This post was inspired by watching a number of my students sink after what they considered a less-than-stellar session of writing. It is dedicated to them and to anyone who makes things: art, stories, pie. It is a note to the part of ourselves that gets frustrated when we don’t create something we like – when we wonder what the hell we were thinking when we picked up that pen or that paintbrush or that pastry dough.

This is my take on the creative process, and what it means to humble ourselves to where we are and not judge, because judging is not an accurate or interesting measure of much, except this moment and then the next moment – which is kind of like reporting the weather – which, as we know, is always changing.

So much of what I know about this I learned (and continue to learn) on the racquetball court. Here, there are plenty of moments – some excellent and others totally doggy – that could paint a picture about my success or failure as a player. But if I were to hold on to every good and bad shot I make in a game, and judge what kind of player I am based on each shot, I’d be a mess on the court. I would never make it to 15 points.

It’s easy to feel great when you’re playing well or writing well, but when you’re not, that’s where the rubber meets the road and you are challenged to practice getting comfortable with discomfort. And it’s odd, but my favorite part of the game lately has been when I’m way behind. I could easily sink into “This sucks” – just like my writing students sometimes feel. But what I’ve been practicing instead is relaxing myself; taking a deep breath, planting my feet on the ground and getting present – not thinking about the future – my win or my loss. As cliché as it sounds, “It ain’t over ‘til it’s over” rings true. It means even if I’m two points from losing, the game could change in an instant and I could come back. So I’ve found a place to hold myself where I can tolerate being wherever I am – in the middle of the game, or two points from winning or losing.

When I used to play in racquetball tournaments – which were so tense for me – every time I served the ball I’d tell myself, “I love this game,” because no matter the outcome, I did love the game. In fact, loving the game was bigger than the game itself and no one could take that love away from me – even if they took all 15 points. Which didn’t mean it was fun to lose – because it wasn’t – but I knew I would come back later and play again, that my love of the game would bring me back.
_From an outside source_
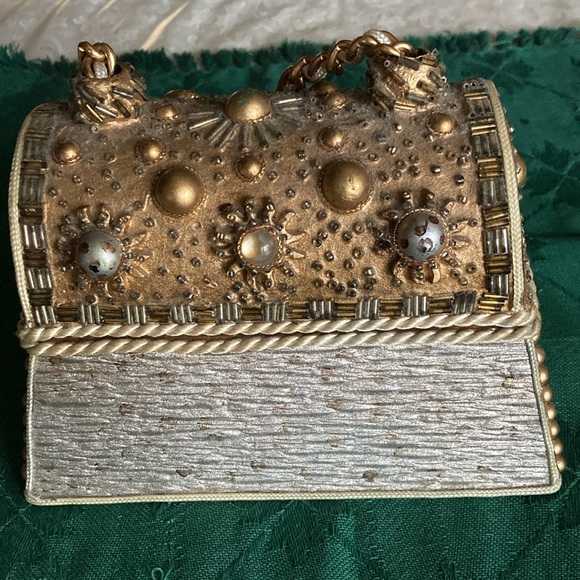 RARE vtg. MARY FRANCES treasurer chest purse w/gold lining, lift top. $145 - Picture 3 of 9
I’ve learned to align myself with something bigger than winning a racquetball game, or having a perfectly satisfying session of writing. These are just moments in the scheme of a larger relationship, which is the privilege of being in the creative flow – on the racquetball court, on the page, or in the middle of my life.

What I’m suggesting is that we put the kibosh on wondering whether we’re good writers or good artists, and do something really courageous, which is to let go of that line of questioning and instead keep ourselves in a neutral, non-judging place – a place that allows us to keep working or keep playing. The pieces we write, the games we play – they don’t matter so much. The important thing is to stay in the game so that it continues to unfold for us, brilliant line after doggy line, then another brilliant line.  Doggy, brilliant, doggy, brilliant. You get the idea.

So this is an open invitation to my creative friends to join me in getting comfortable with being uncomfortable – with our work, our missed shots, and all the other imperfect moments in our lives. They will keep coming – ball after ball – unkind thought after unkind thought. But if you’re a creative person who makes things, the trick is to find a place to work beyond of all of that. I’ll meet you there.